My GIS MSc Thesis - Abstract
Characterisation of native tropical rainforest covering the study site, the Bobiri Butterfly Sanctuary, Ghana, has been most successfully completed in this exercise by assigning the HH, HV and HH-HV polarizations of the ALOS-Palsar instrument respectively to computer monitor RGB channels.
SRTM tile selection in Google Earth
This method required that ground sourced allometric data, which had been recorded with a certain projection system, was combined with the Palsar polarimetric data. This in turn required intermediate steps to prepare the data for the GIS software to combine all the data sets, using another image source for projection referencing purposes. A number of resampling transformations were used, with the Nearest Neighbour analysis appearing to offer the best solution in this case.
image pair composite
Imagery was compared visually with the Globcover land use classes, more precisely using side-by-side referencing by running Cartographica and Gamma X-window together, and finally by incorporating all the data sets together within a GIS, and experimenting with layer orders and transparencies on data with common projection systems.
transparent Nearest Neighbour over Globcover
From this, it is clear that a directly imported data source from Gamma Palsar processing software, into GIS RGB channels would be the simplest and most reliable, would it were possible to read-in the location information in the accompanying .par files.

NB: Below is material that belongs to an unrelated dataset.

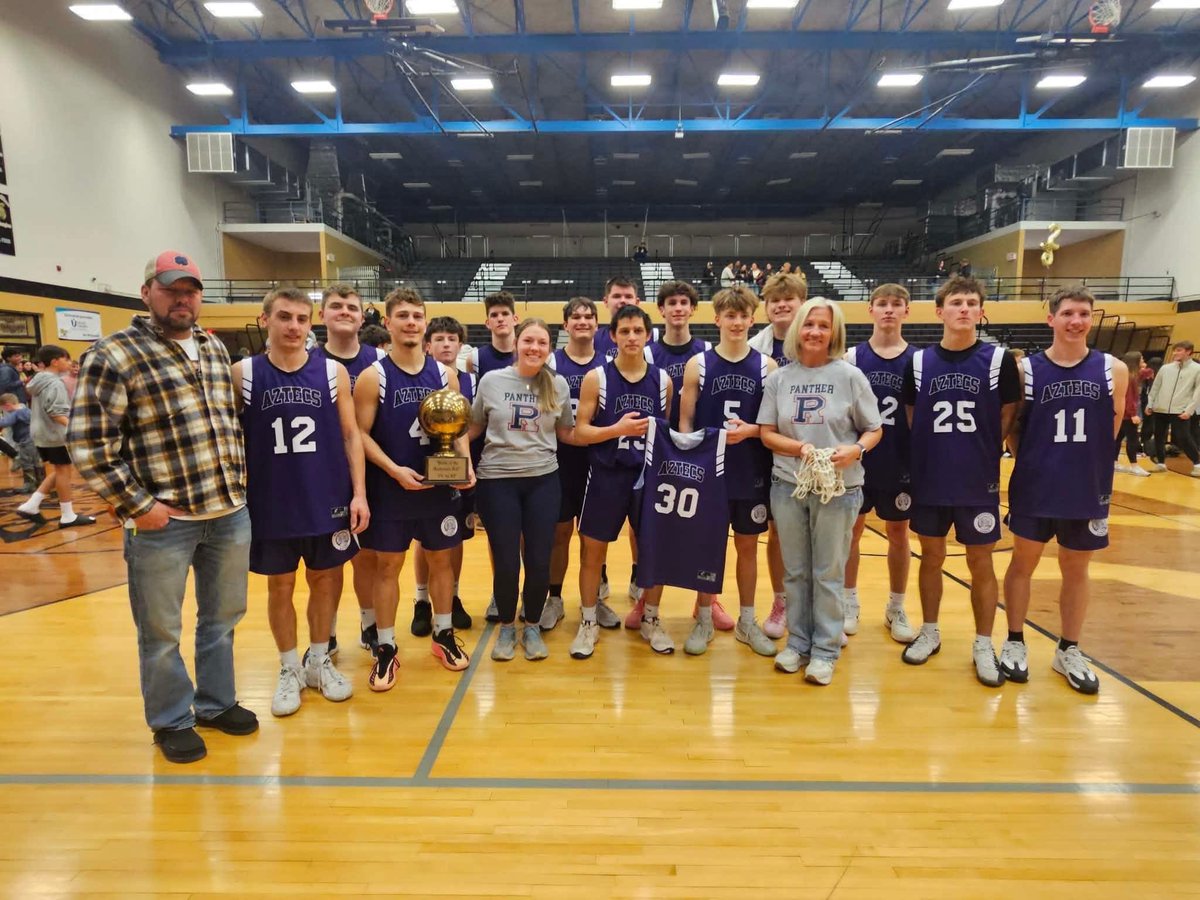 RickSemmler's tweet photo. Thursday night Riverton Parke basketball played their first game since tragic passing of their classmate Chase Bennett. RP beat South Vermillion to win Battle of the Backroads trophy for first time since 2019. After win members of RP gave special net from trophy to Bennett Family https://t.co/brfnp3b8FT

RGB composite of nearest neighbour
Because of the importance attached to ground sourced allometric data in the formation of any forest type mapping exercise, the ALOS-Palsar instrument is employed because of it’s L-band forest cover suitability and the availability of site imagery.
CC Polarization RGB assigned composite over Globcover (overview)
Having contact with scientists working within the Bobiri Butterfly Sanctuary willing to forward this important source of ground data, enables the exercise of characterising the Bobiri site in a variety of ways, but a consistent methodology is required to enable a transferrable model that will produce a consistent output.